Today in History:

1024 Series I Volume XLV-I Serial 93 - Franklin - Nashville Part I

Page 1024 KY., SW. VA., TENN., MISS., ALA., AND N. GA. Chapter LVII.


HEADQUARTERS DISTRICT OF WEST TENNESSEE,
Memphis, Tenn., November 24, 1864.

Bvt. Major General J. H. WILSON,

Chief of Cavalry, Commanding Cavalry Corps, Nashville, Tenn.:

GENERAL: Your letter by hand of General Knipe is received. All the men belonging to General Hatch's division, with train and camp and garrison equipage, left here some days ago for Nashville. The other division has been engaged in Missouri, under Colonel Winslow and was sent in pursuit of Price, and I understand was ordered to press down as far as Fort Smith, and return here through Arkansas. As soon as the division reaches here it will be sent to Nashville, with such detachments as are still here, retaining here only sufficient for patrols and pickets.
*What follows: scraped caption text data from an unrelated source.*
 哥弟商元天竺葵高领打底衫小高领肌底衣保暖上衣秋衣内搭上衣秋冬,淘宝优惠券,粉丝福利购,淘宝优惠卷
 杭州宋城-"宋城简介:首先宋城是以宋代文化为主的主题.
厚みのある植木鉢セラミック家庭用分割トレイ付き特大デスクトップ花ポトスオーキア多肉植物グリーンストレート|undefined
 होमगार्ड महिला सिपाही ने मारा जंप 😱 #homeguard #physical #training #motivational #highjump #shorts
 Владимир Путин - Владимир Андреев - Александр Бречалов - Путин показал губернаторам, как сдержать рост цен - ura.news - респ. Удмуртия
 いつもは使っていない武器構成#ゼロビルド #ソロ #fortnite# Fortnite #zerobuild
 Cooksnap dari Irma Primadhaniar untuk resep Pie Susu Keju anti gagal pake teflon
As to the exact whereabouts of this division now, I have no information, but suppose it is somewhere between here and Fort Smith, and I think it highly probable that it will be fifteen or twenty days before it reaches here. When it does reach here it will be pretty thoroughly used up, as it has now been in the field and almost constantly marching for over eighty days. You will thus see that there is no possible chance for their being placed at your disposal in an efficient shape for some time, but we shall do all we can to hurry them up.

I am, general, very respectfully, your obedient servant,

C. C. WASHBURN,

Major-General.


HDQRS. CAVALRY CORPS, MIL. DIV. OF THE MISSISSIPPI,
Nashville, Tenn., November 24, 1864.

Brigadier General ED. M. McCOOK,

Commanding First Cavalry Division:

GENERAL: I telegraphed yesterday to General Wilson regarding your leave of absence, but have received no answer. The probability is that he has not received my dispatch. General Wilson left Nashville on the 21st, to direct the operations of the cavalry in the movements that are taking place. How long he will be absent it is impossible to say. Major Price, assistant inspector-general of the Cavalry Bureau, was requested to ask that you might designate the two regiments in your division which you prefer to have transferred out. The general directed me before he left to transfer two regiments out of your division and one Indiana regiment into it. In a private letter to Captain Mordecai, the ordnance officer at Louisville remarks that it is difficult to find out from the commanding officers the number of equipments and arms that they have on hand. General Thomas has directed General Watkins to hurry his command through as rapidly as possible. We are sending from this place all the cavalry we can collect to Columbia, to report to General Wilson. I inclose order designating the flags to be adopted for the Cavalry Corps.

I am, general, very respectfully, your obedient servant,

E. B. BEAUMONT,

Major and Assistant Adjutant-General.


Page 1024 KY., SW. VA., TENN., MISS., ALA., AND N. GA. Chapter LVII.